**To do:** Please output every line of the material as it stands, without the pictures.

**Available data:**
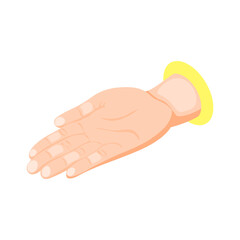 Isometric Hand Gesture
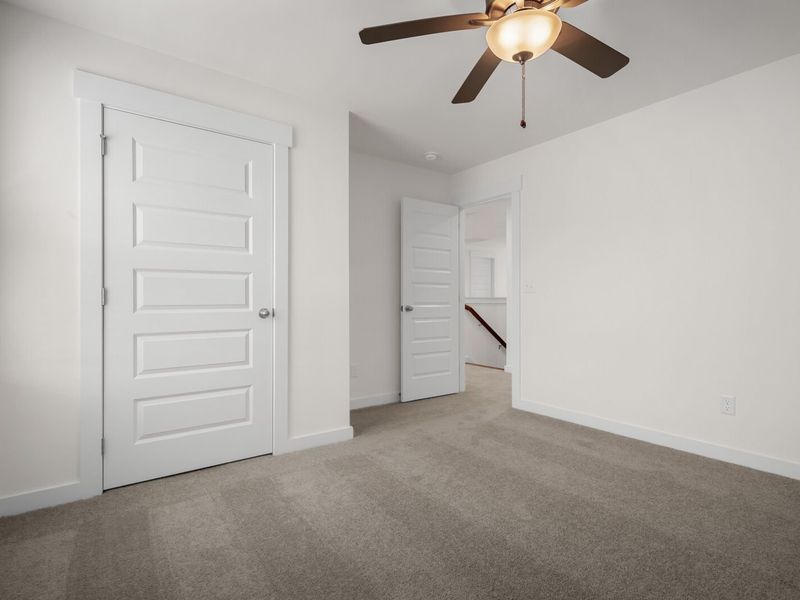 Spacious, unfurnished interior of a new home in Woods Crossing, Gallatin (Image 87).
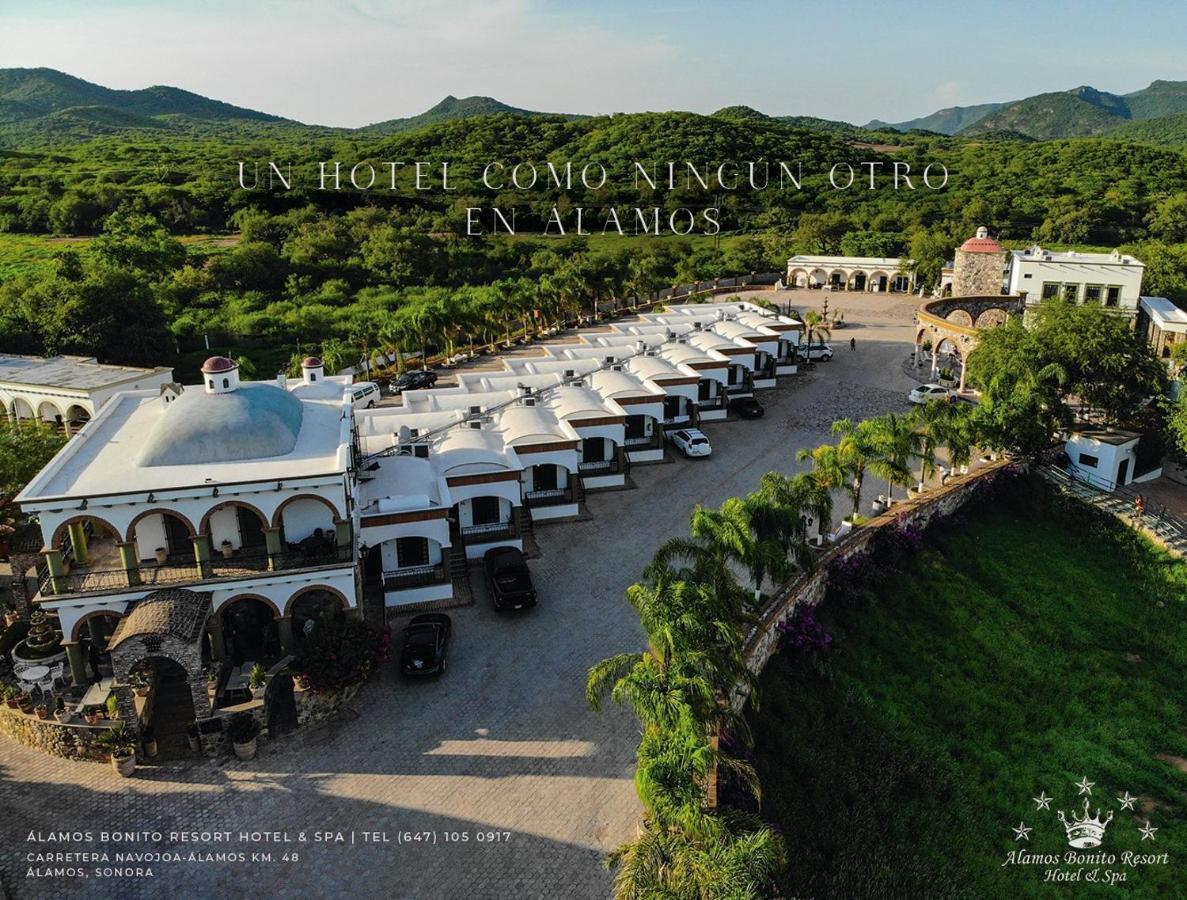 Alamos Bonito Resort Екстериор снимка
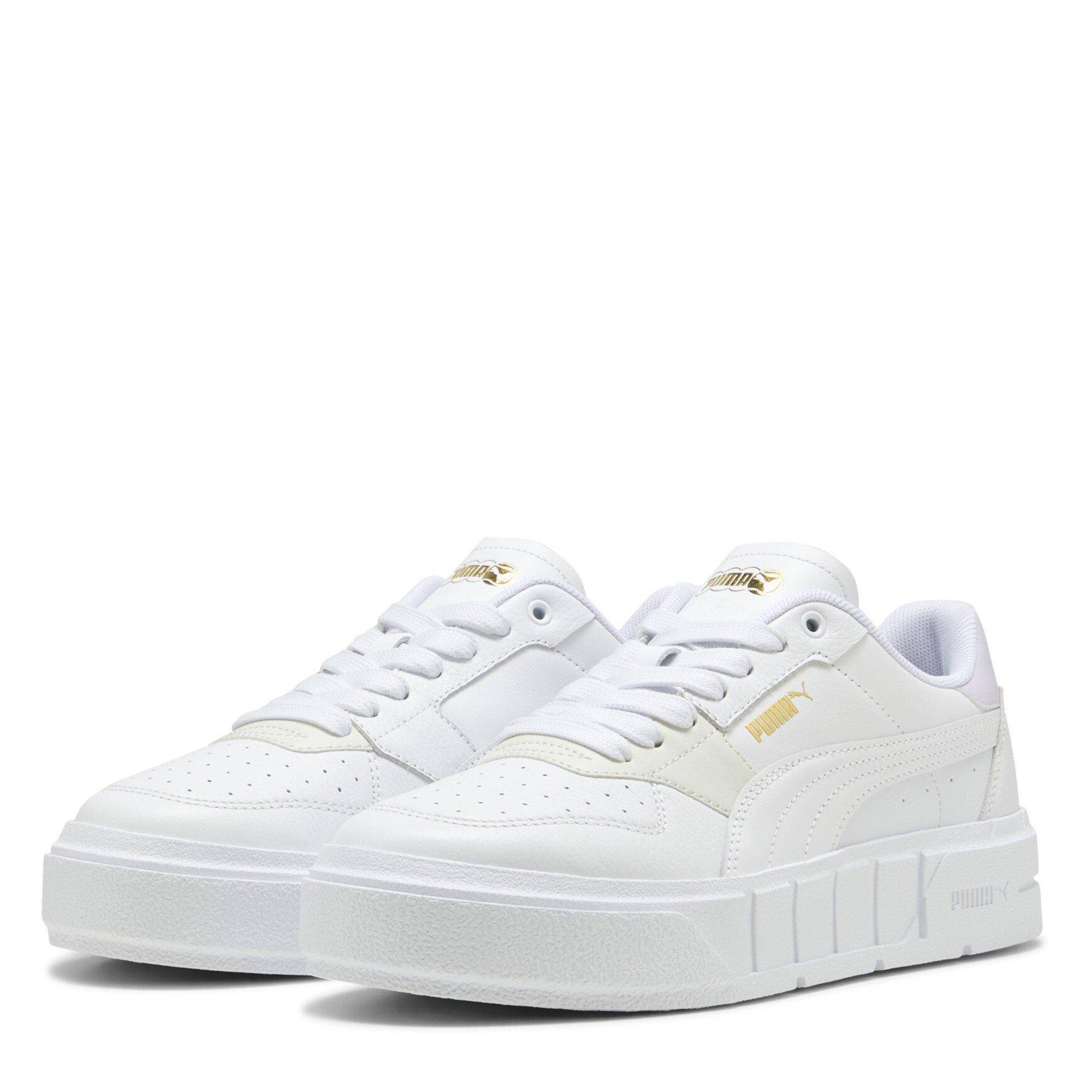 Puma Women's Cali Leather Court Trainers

**Solution for this problem:**
 Isometric Hand Gesture
 Spacious, unfurnished interior of a new home in Woods Crossing, Gallatin (Image 87).
 Alamos Bonito Resort Екстериор снимка
 Puma Women's Cali Leather Court Trainers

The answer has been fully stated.